第二に「相手との親しさ」も怒りの出し方に影響します。例えば、家族に対しては怒りがあらわに示されるのに対し、好きな知人に対しては表出が抑制される傾向にあります。家族に対して怒りが率直に表出されやすいのは、関係が崩壊することはないという確信に基づくのかもしれません。
◆男性と女性の違い
一般に女性は男性に比べて感情を表出する傾向が高いといわれています。しかし、怒りの場合は必ずしもこの傾向がみられません。日本人のデータでは男性に比べて女性のほうが怒りの表出を抑制する傾向が高いといわれています。それは怒りのようにその表出によって、自分の有能さを示すことにつながる感情に関しては、男性も表出する傾向が高いと考えられています。日本社会は男性性の強い社会であり、その意識が反映されているのかもしれません。

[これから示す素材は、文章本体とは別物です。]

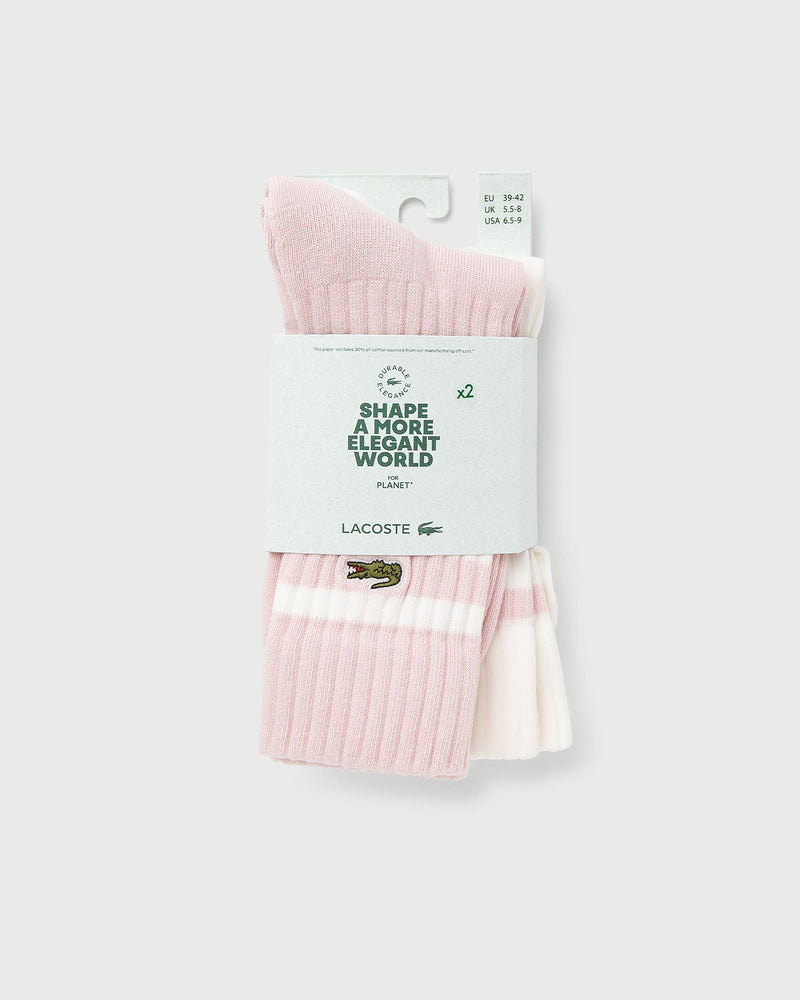Lacoste Ribbed Cotton Socks Pink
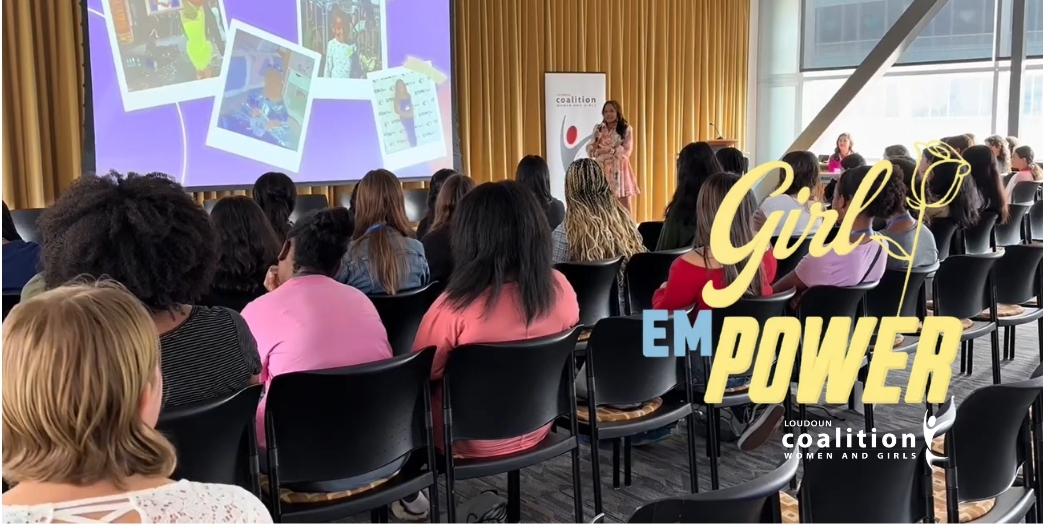 LCWAG Girl emPower speaker, audience and presentation screen.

(3)日本人の怒りの出し方(日本人大学生へのアンケート調査より)
◆怒りの表出行動の分類
日本人は欧米人に比べて怒りの表出を抑制しがちですが、私たちが怒りを表に出すことが全くないわけではありません。個人対個人の怒りの表出に限定して、どのような表し方をするのか、大学生にいくつかの怒り喚起状況を提示して、各状況でどんな行動をとるか回答を得たその結果から、7種類の怒りの表出行動が日本人の代表的な怒り表出行動として抽出されました。
①感情的攻撃ー怒りをぶつける、詰問する、強く責める、感情的に反応(言語的攻撃)
②嫌味ー文句を言う、嫌味や皮肉を言う、苦労を伝える(言語的攻撃)
③表情・口調ー冷たい口調、怒りの表情、冷たい態度、乱暴な態度(言語的攻撃)
④無視ー無視する、相手にしない(利益停止)
⑤遠回しー軽く言う、冗談のように言う、さりげなく言う、さりげなく理由を聞く
⑥理性的説得ー説得・説教、注意、理由をよく聞く、謝罪の要求、意思の主張(非攻撃的行動)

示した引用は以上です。